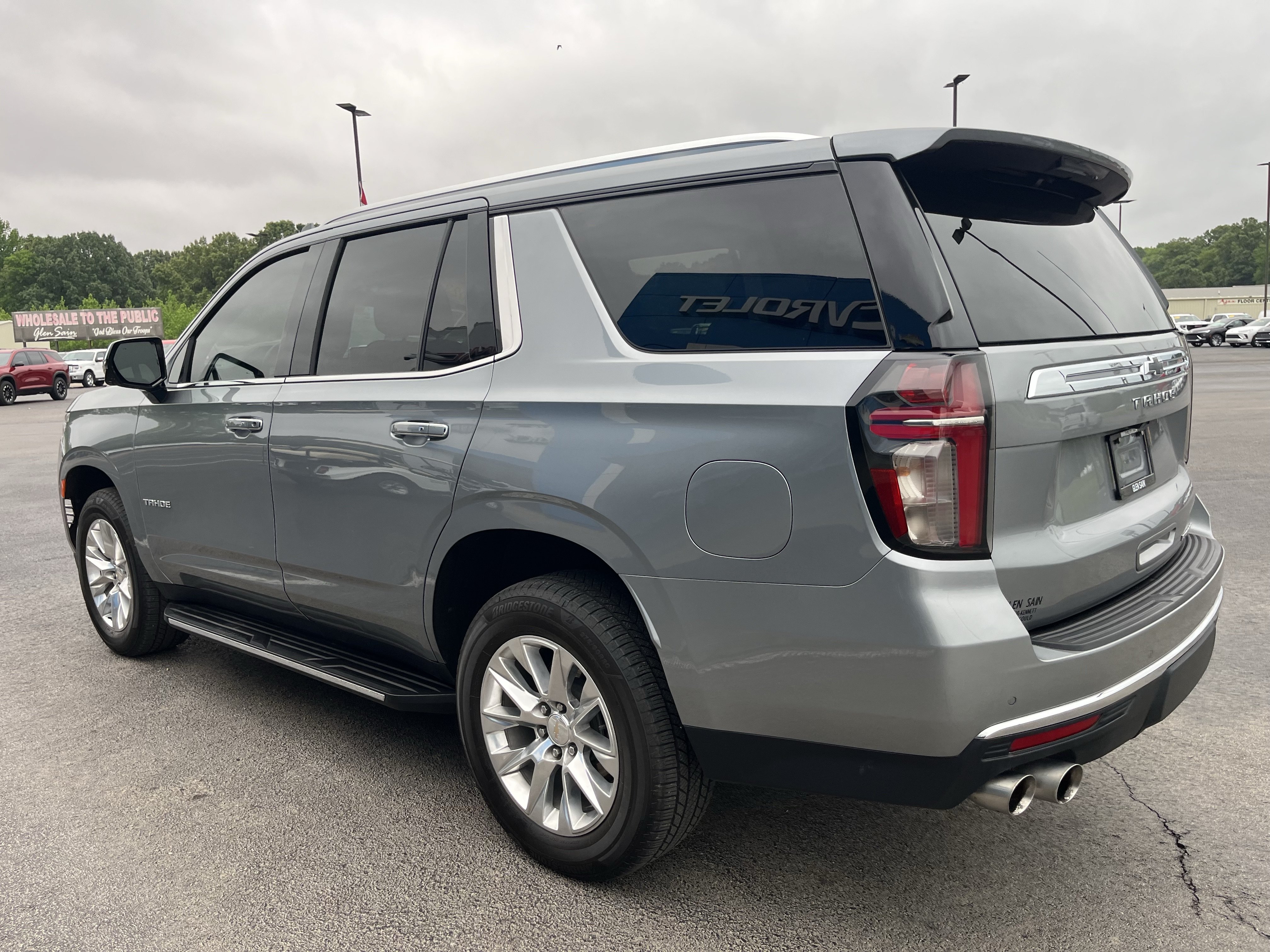 Used 2023 Chevrolet Tahoe Premier w/ Premium Package AWD/4WD image 5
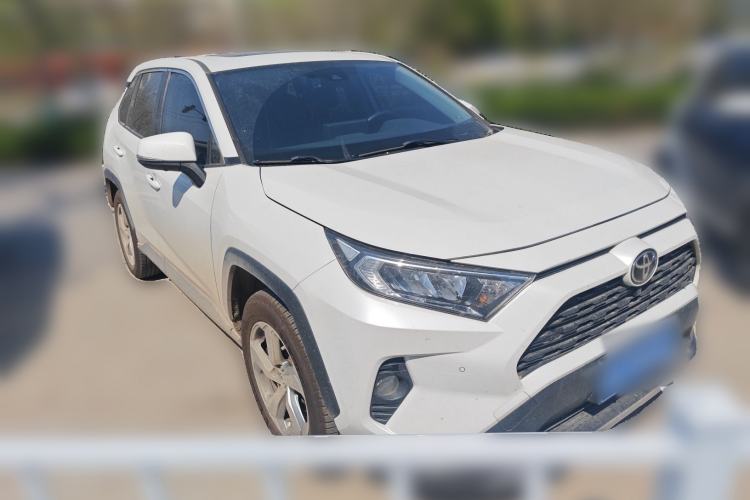 Used Toyota RAV4 2022 2.0L CVT Two-Wheel Drive Fashion Plus Edition Front Right 45 Deg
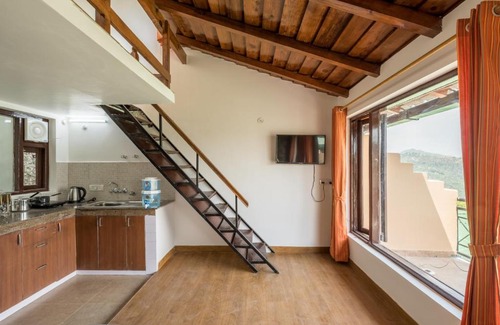 Kasiyalekh Appartement | Twilight Ridge, Studio overlooking the hills w wifi by Roamhome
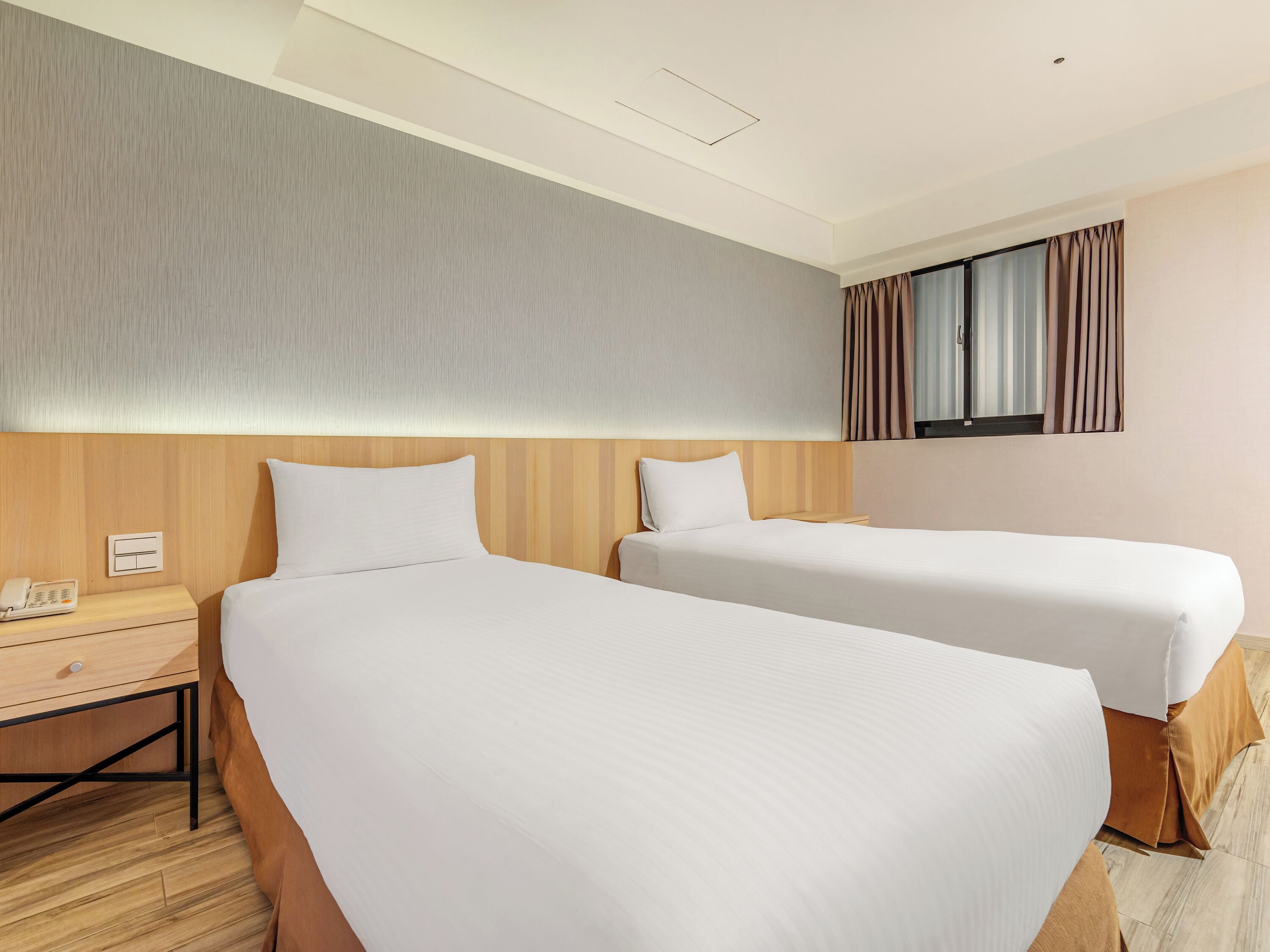 Standard Twin Room, No Windows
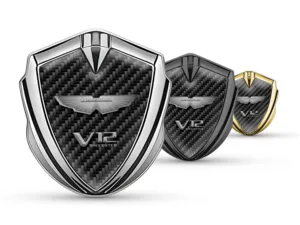 Aston Martin Emblème Métal Insigne Style Course Finition Lustrée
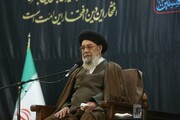 عزت امروز ایران به برکت انقلاب است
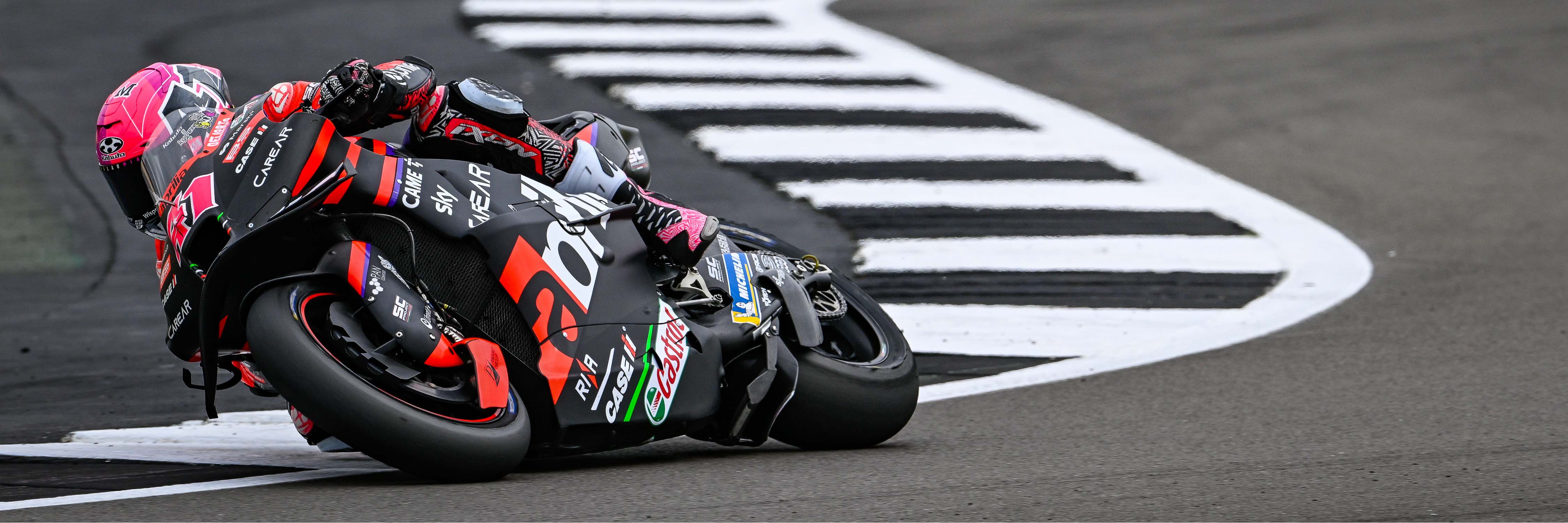 Aleix Espargaró en route to his British Grand Prix victory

_To do_
Write out every record above exactly as it stands, but leave out the pictures.

_Solution_
 Used 2023 Chevrolet Tahoe Premier w/ Premium Package AWD/4WD image 5
 Used Toyota RAV4 2022 2.0L CVT Two-Wheel Drive Fashion Plus Edition Front Right 45 Deg
 Kasiyalekh Appartement | Twilight Ridge, Studio overlooking the hills w wifi by Roamhome
 Standard Twin Room, No Windows
 Aston Martin Emblème Métal Insigne Style Course Finition Lustrée
 عزت امروز ایران به برکت انقلاب است
 Aleix Espargaró en route to his British Grand Prix victory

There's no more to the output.